When I was a teenager I got a book for a gift.  I would totally recommend it, as it was a great help to me earlier in my life.  It's called "How to Say It."  I was full of great things to write in thank you notes, resumes, baby or birthday cards or what to say at various times.  A friend who was autistic said it was extremely valuable to him, as someone who just didn't know what to say in various social situations.  Here's a link if you want to get one:

However, about six years after I got it, I found myself throwing the book against the wall.  Someone I knew well lost her teenage son, accidentally and very suddenly.  No time to say goodbye, no drawn out illness.  He was there one moment and wrapped around a tree the next.  It was horrible.  I kept trying to write her a card, and I couldn't.  The book had lots of words of sympathy, but none of them were good enough.  I had no idea what to do or say.  The book had promised me words for every situation, and it had some very good ones, but they felt meaningless in the face of that kind of tragedy and pain.

What do we do or say for someone who has lost a loved one, a spouse or a child?  I took some time at the card shop to look at the words in some sympathy cards to see if I got any good ideas.  Note:  I have put them in curly script because for some reason, cardmakers have decided that block letters clearly don't comfort those dealing with loss.

As my friend puts it bluntly (love you Luce!): that feels like a bunch of "trite shite."  Maybe they're good enough for a random coworker's granny or something, but if someone is your friend or someone you love, I suggest that this "trite shite" is simply not enough.   I felt legitimately embarrassed by reading some of them.  Others, I think, got it right.  Most just had a picture of flowers or birds or a landscape with "In Sympathy" written on it.  The inside of almost all of the sympathy cards were blank.  That seems more in order.  

I may actually start buying sympathy cards from Etsy.  One seller hit on the head exactly what I want to say (without involving swear words).  I may just buy a case of these for everyday use anyway.

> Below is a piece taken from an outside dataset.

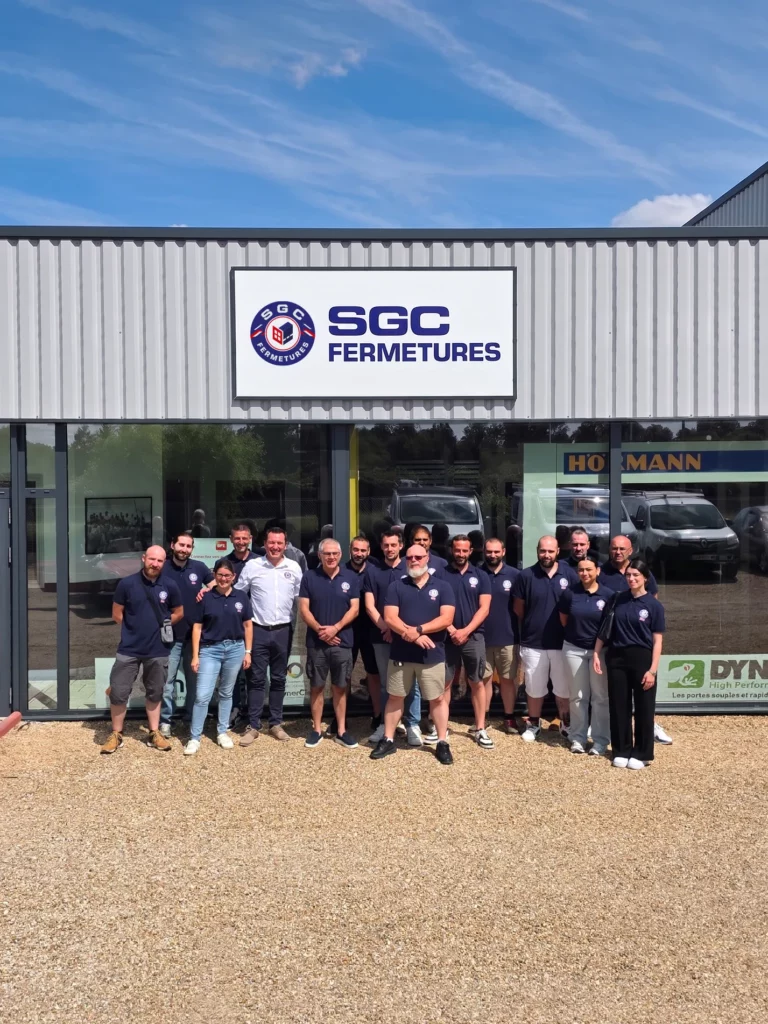 Équipe SGC Fermetures réunie devant les locaux de l’entreprise en 2026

I vividly remember being at a classmate's funeral in high school (and yes, there were more than one of them), where, while hugging the mother who had just lost her daughter, a gruff boy said what we were all thinking:  "This fucking sucks."  Truer words were never spoken.  In fact, if it was socially acceptable for people wearing dog collars to swear, more funerals would probably forego "Ashes to ashes" or Psalm 23 for that boy's sentiment.  

So what do we do?  Most of us are aware and partake in the usual conventions of cards and meals for the family, but is there anything tangible or practical that we can do to care for people who have lost someone?

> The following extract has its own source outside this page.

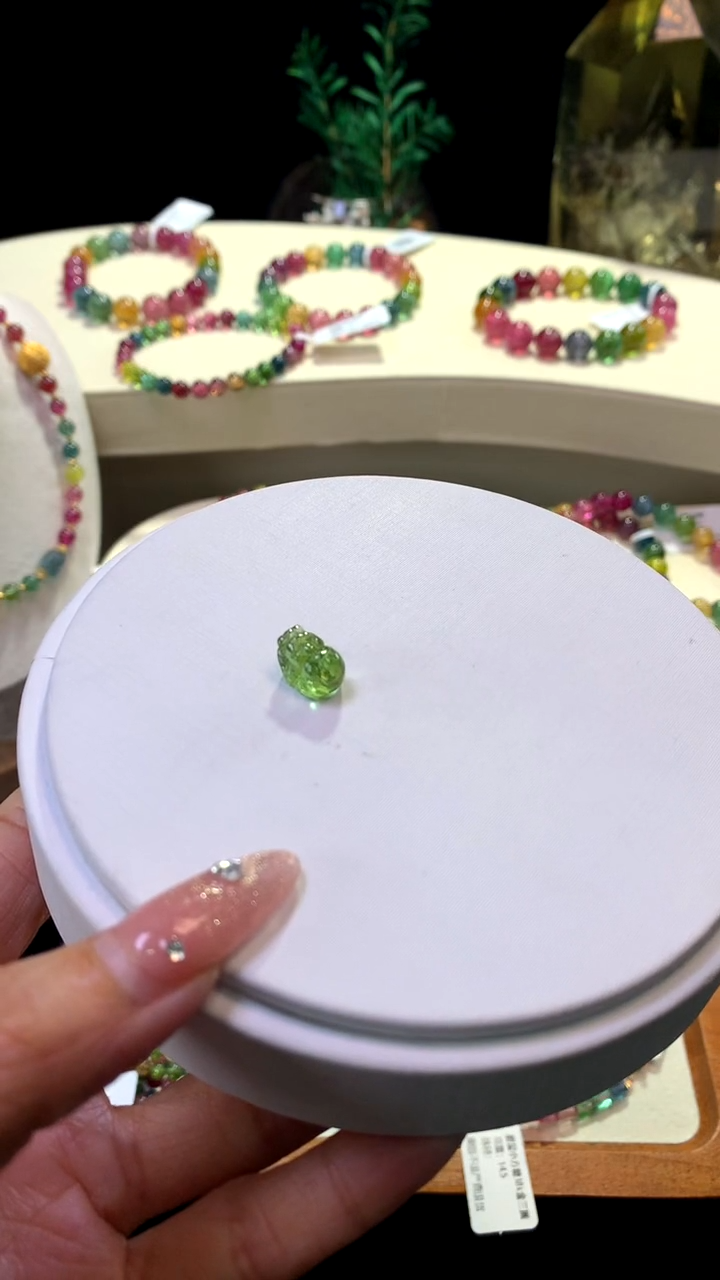 【闪购商品】碧玺貔貅雕刻件未镶嵌天然黄水晶貔貅雕刻水晶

Just to clarify, I'm talking about all loss here.  The most common loss at my age is not tragic accidents or parents, unfortunately, it is miscarriages.  I've known more than a couple of friends who have lost much wanted pregnancies very early, but they feel completely alone because people have told them "At least you can try again" or "it wasn't very far along anyway."  That's a whole other load of trite shite.

Some people don't talk about them because they don't want to, but in my experience, if someone tells you about their miscarriage, they want you to share in something that they have lost or feel upset or angry about.  It's just as much a loss of a child for them as if the child had been born, and even though we don't hold memorials or funerals for babies lost that way, the effects are the same.

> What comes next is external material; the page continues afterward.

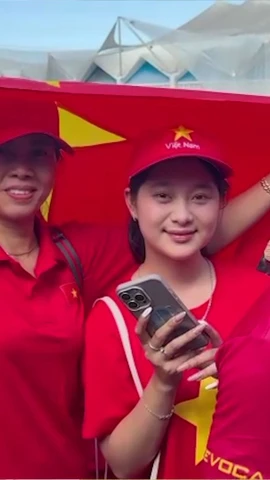 U22 Việt Nam thắng nghẹt thở U22 Philippines nhờ khán đài với các cổ động viên "rực lửa"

That said, I have talked to a number of friends and consulted some people who I think are pretty wise, and I have made a little list of dos and don'ts.

1.  If you can't think of the right words to say, DO NOT SAY ANY WORDS.  This goes doubly for people who have suffered miscarriages or stillbirths.  No one would tell someone who has lost a teenager that they can just try to have another child or just adopt, so maybe don't ever say something like that.  The one thing that people said over and over was "Someone at my loved one's funeral/memorial said something stupid, and it's the one stupid thing I remember from what should have been memories of my loved one."  I was really surprised by this, and I'm a talker.  Sometimes the phrase "words can't express" actually means that.  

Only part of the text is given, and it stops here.